WHAT THE TASK ASKS: Find the line below with "Paj z kurkami, porem i suszonymi pomidorami" and the line with "For Rent: 2". Output exactly those lines and everything between them, leaving out the pictures.
==== RECORDS PROVIDED ====
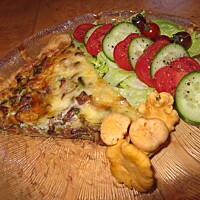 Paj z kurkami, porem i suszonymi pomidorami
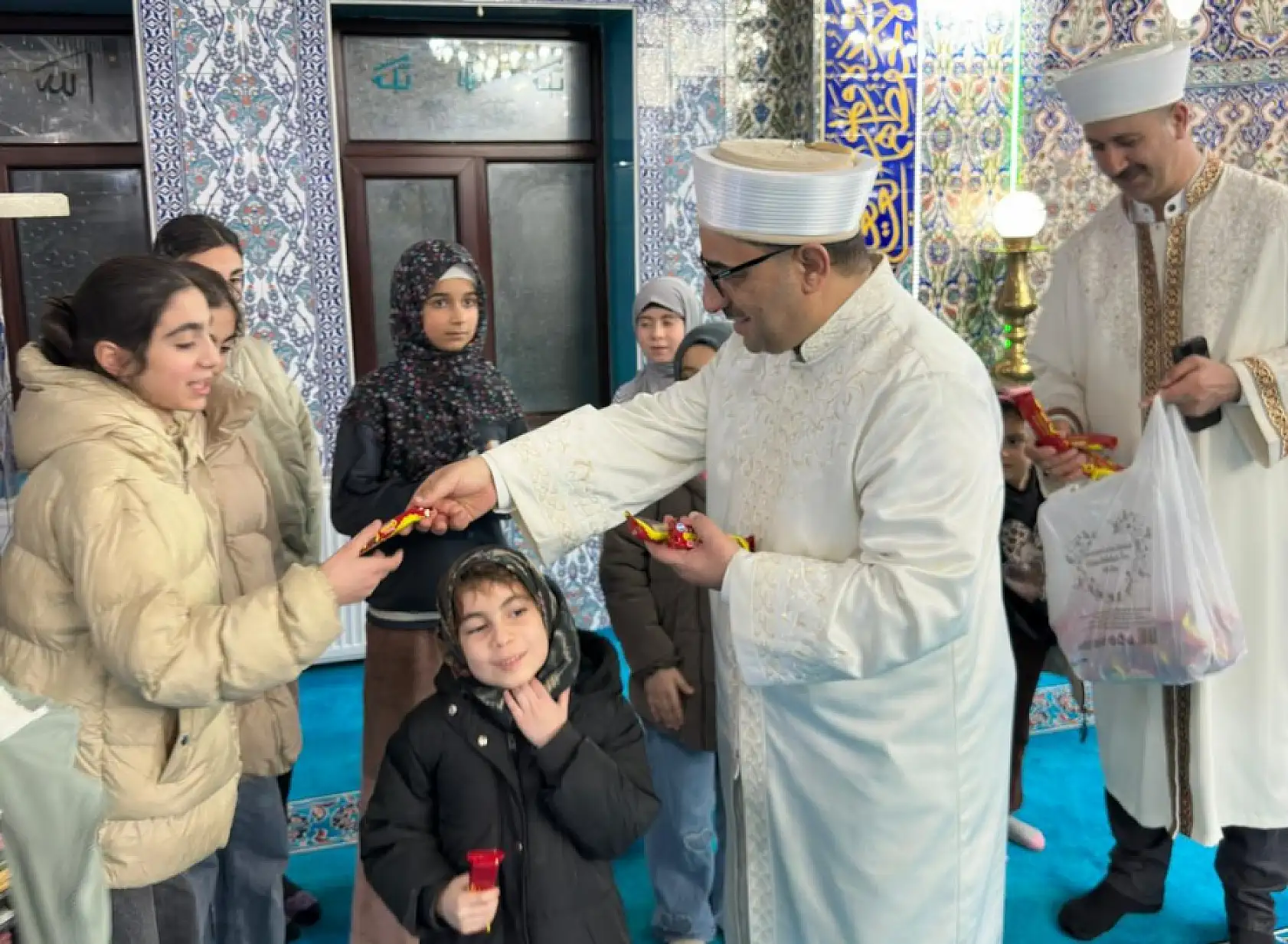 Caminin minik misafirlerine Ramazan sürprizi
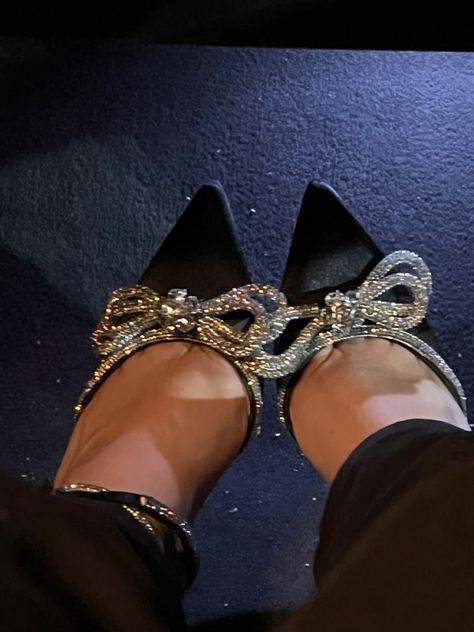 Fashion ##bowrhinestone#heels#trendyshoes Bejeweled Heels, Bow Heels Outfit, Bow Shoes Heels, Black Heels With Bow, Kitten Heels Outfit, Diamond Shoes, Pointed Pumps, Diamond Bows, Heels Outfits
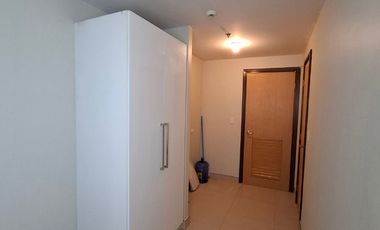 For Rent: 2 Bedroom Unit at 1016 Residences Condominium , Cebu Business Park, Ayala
====
==== RECORDS PROVIDED ====
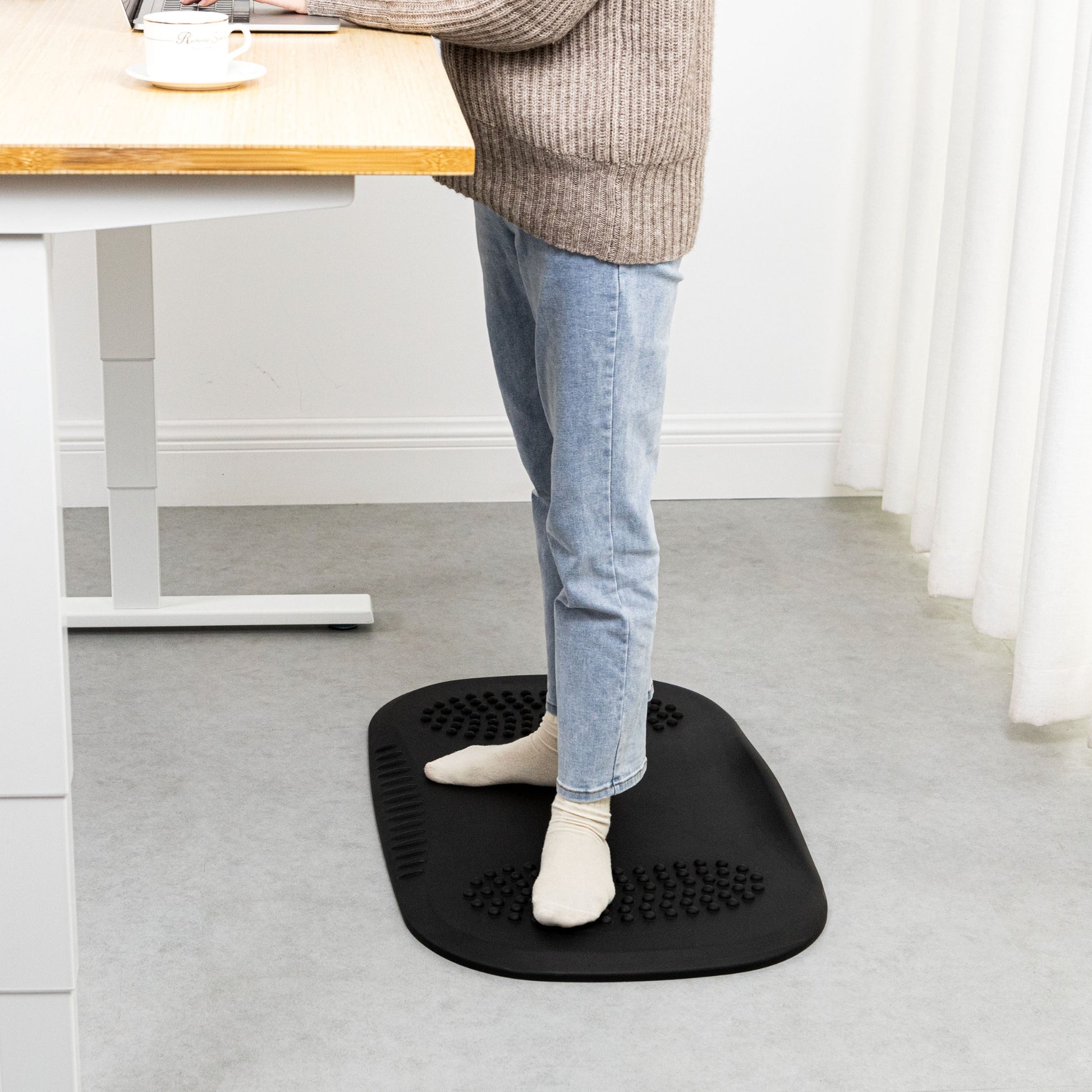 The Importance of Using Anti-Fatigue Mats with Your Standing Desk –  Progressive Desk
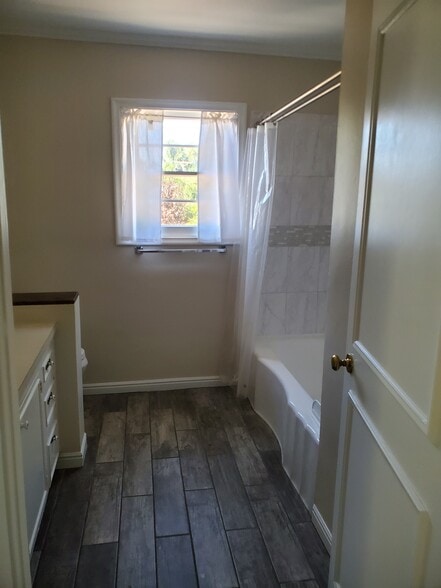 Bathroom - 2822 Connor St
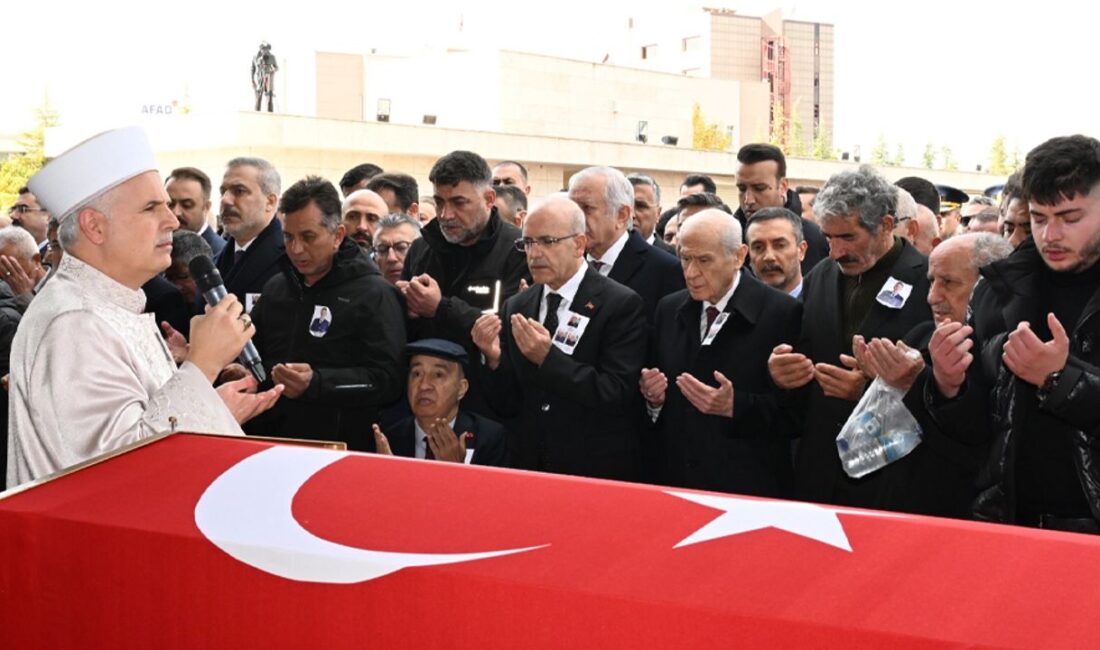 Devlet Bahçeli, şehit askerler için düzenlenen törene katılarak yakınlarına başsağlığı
====
EXERCISE RESULT:
 Paj z kurkami, porem i suszonymi pomidorami
 Caminin minik misafirlerine Ramazan sürprizi
 Fashion ##bowrhinestone#heels#trendyshoes Bejeweled Heels, Bow Heels Outfit, Bow Shoes Heels, Black Heels With Bow, Kitten Heels Outfit, Diamond Shoes, Pointed Pumps, Diamond Bows, Heels Outfits
 For Rent: 2 Bedroom Unit at 1016 Residences Condominium , Cebu Business Park, Ayala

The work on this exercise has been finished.